# What's in the box?



## PaulH (May 30, 2012)

Hi all,
Just delivered my latest piece.
Any guesses as to what's inside?

Cheers
Paul


----------



## DaninVan (Jan 1, 2012)

Jack?


----------



## boogalee (Nov 24, 2010)

Rick Nielsen's (Cheap Trick) guitars.


----------



## Stick486 (Jan 4, 2013)

beer...


----------



## Harrison67 (May 30, 2012)

PaulH said:


> Hi all,
> Just delivered my latest piece.
> Any guesses as to what's inside?
> 
> ...




First glance, I thought gun cabinet.

Now, I'd say portable, woodworking, tool cabinet.:dirol:


----------



## Rogerdodge (Apr 24, 2014)

Right , well , you have delivered it to a school or similar . It seems to have double wing doors , it's meant to roll on a flat floor ( indoors ?)

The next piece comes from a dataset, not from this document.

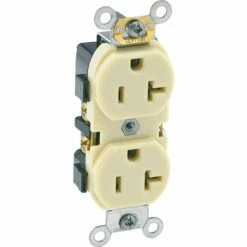 Leviton 5342-I 20a, 125v, Duplex Receptacle, Ivory - Pkg Qty 10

My guess is : It is an activity centre for small people to use - paint , paper etc for craftwork.

Very neat - could have a number of uses.

Rog


----------



## mark greenbaum (Sep 26, 2010)

cnc?


----------



## marecat3 (Nov 30, 2010)

could have almost anything in it. Looks like craft cart. I give up


----------



## RainMan 2.0 (May 6, 2014)

Is it an elaberote tool box ?


----------



## mikelley (Aug 2, 2012)

A portable gymnasium?


----------



## PaulH (May 30, 2012)

PaulH said:


> Hi all,
> Just delivered my latest piece.
> Any guesses as to what's inside?
> 
> ...


Ok I'll put everyone out of their misery. It's a library for a nursery school.

The requirement was to display as many books front covers as possible on library day and to take up minimum space and be enclosed at other times.
They wanted to give the kiddies the concept of perusing shelves. With this unit they can walk all the way around. 
The dimensions of this unit give a running length of 3.4 meters on each side.

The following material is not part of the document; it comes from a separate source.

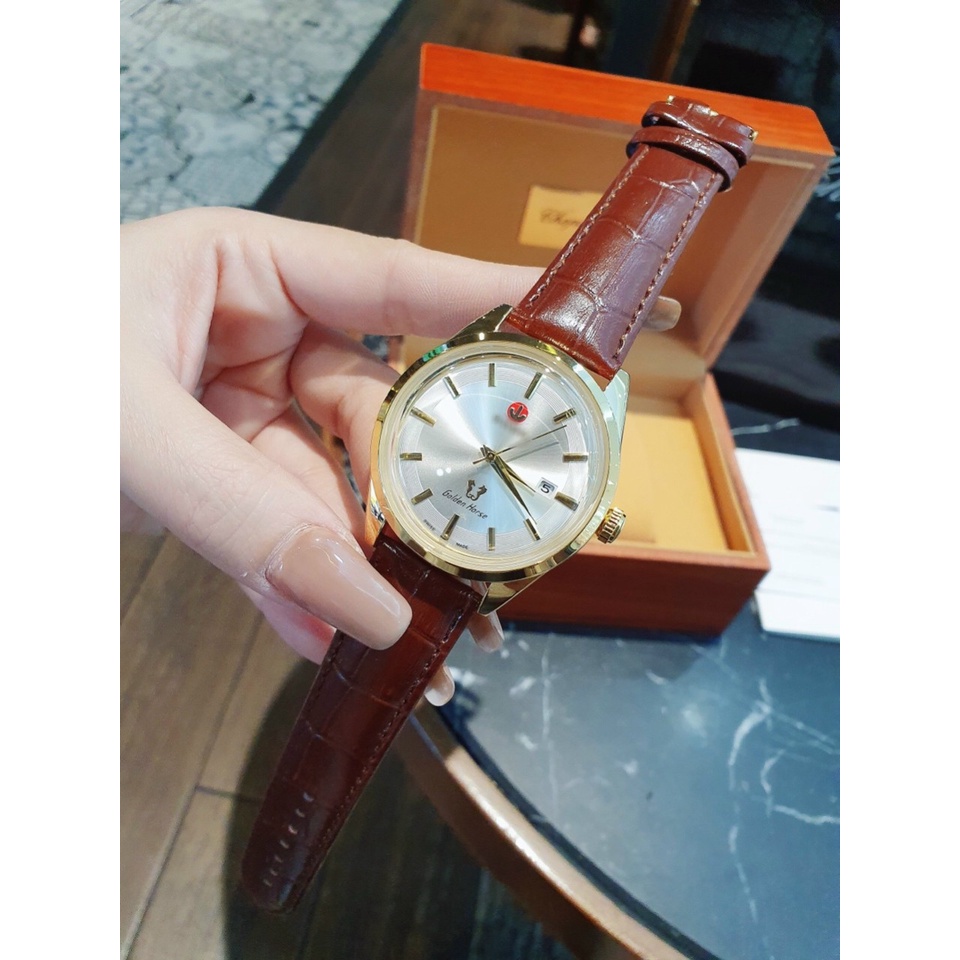Đồng hồ nam R.D golden horse dây da - màu đen/nâu - size 40mm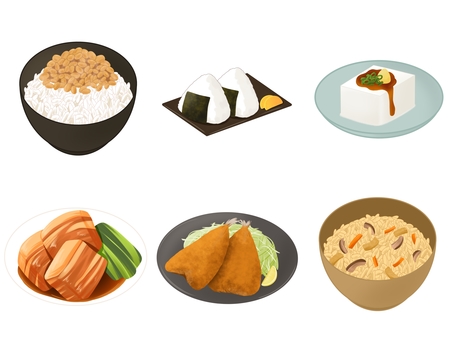 和食シリーズF 納豆ご飯,おにぎり,冷奴,豚の角煮,アジフライ,炊き込みご飯,揚げ物,煮物,和食,食べ物のイラスト素材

The following are the front and back which are identical. The 4 opening door are attached to a central slide out which is pulled out from each end. See design images done in sketchup to get a better idea.

This was a good challenge
Cheers
Paul


----------



## RÖENTGEEP (Feb 18, 2014)

PaulH said:


> Ok I'll put everyone out of their misery. It's a library for a nursery school.
> 
> The requirement was to display as many books front covers as possible on library day and to take up minimum space and be enclosed at other times.
> They wanted to give the kiddies the concept of perusing shelves. With this unit they can walk all the way around.
> ...



Very good idea, congrats. I think it could be modified a little to be a big chest tool


----------



## AndyL (Jun 3, 2011)

Wow, you packed a lot of shelf space in there. Ingenious design.


----------



## Gaffboat (Mar 11, 2012)

Very clever, well designed, and nicely executed. An excellent project.


----------



## swarfmaker (Aug 27, 2012)

Bakgat! Very well done! Can store a lot of circular blades, sand paper etc.


----------



## PaulH (May 30, 2012)

*The Box*



swarfmaker said:


> Bakgat! Very well done! Can store a lot of circular blades, sand paper etc.

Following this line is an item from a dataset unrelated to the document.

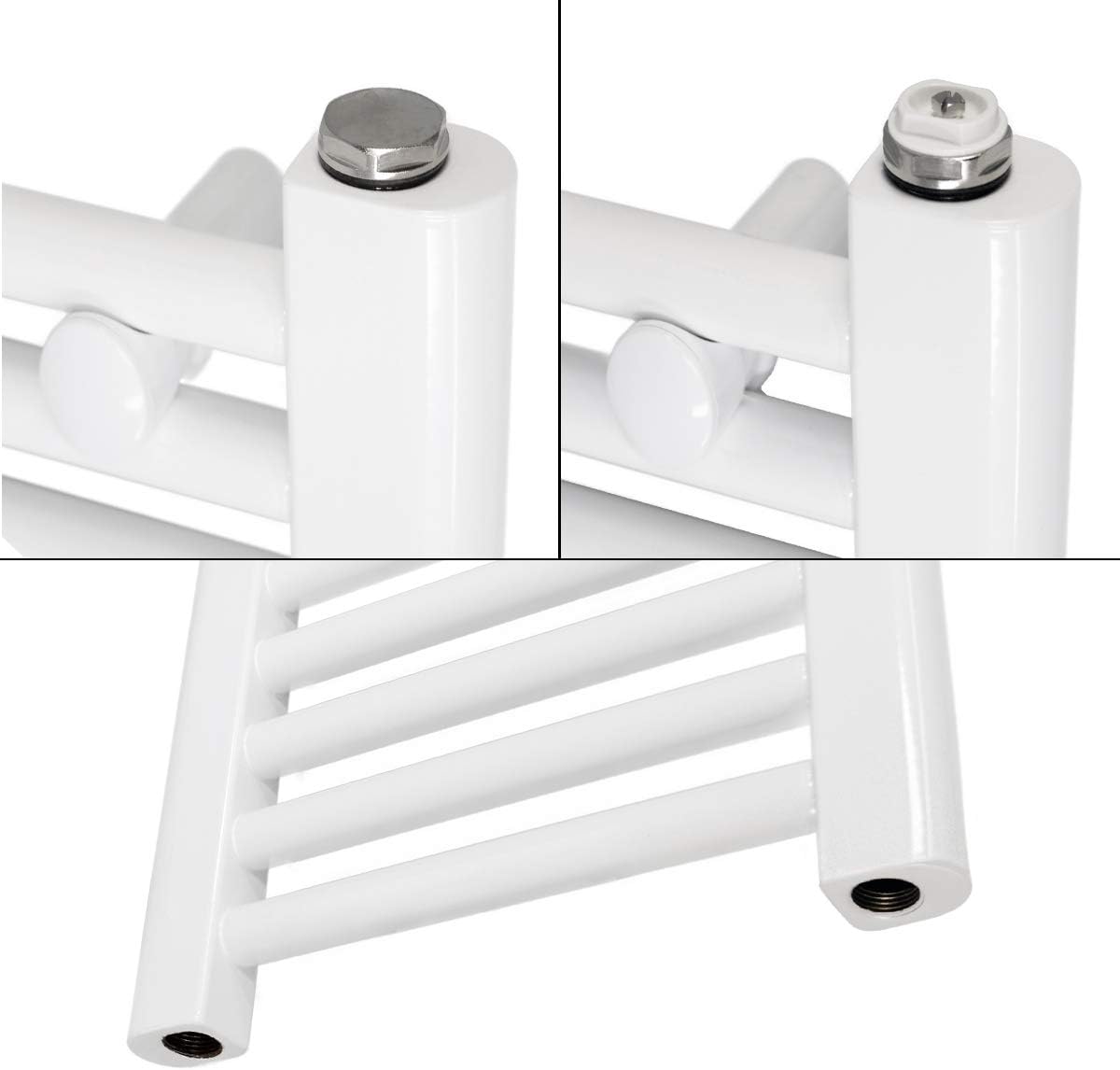 ECD Germany Badheizkörper Elektrisch 500 x 800 mm mit Heizstab 600W ECO Weiß gebogen mit Seitenanschluss - Design Heizkörper Handtuchwärmer Handtuchtrockner Handtuchheizkörper Handtuchheizung Heizung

Thanks Joseph,Andy,Oliver,Ronald for your kind comments.
I've attached an image of it fully loaded for interest.

Thanks again guys


----------



## RÖENTGEEP (Feb 18, 2014)

PaulH said:


> Thanks Joseph,Andy,Oliver,Ronald for your kind comments.
> I've attached an image of it fully loaded for interest.
> 
> Thanks again guys


Sweet !!!


----------



## firstmuller (Aug 28, 2014)

That is some design! It looks great espacily with the books in it.
Allen


----------



## marecat3 (Nov 30, 2010)

very cool.


----------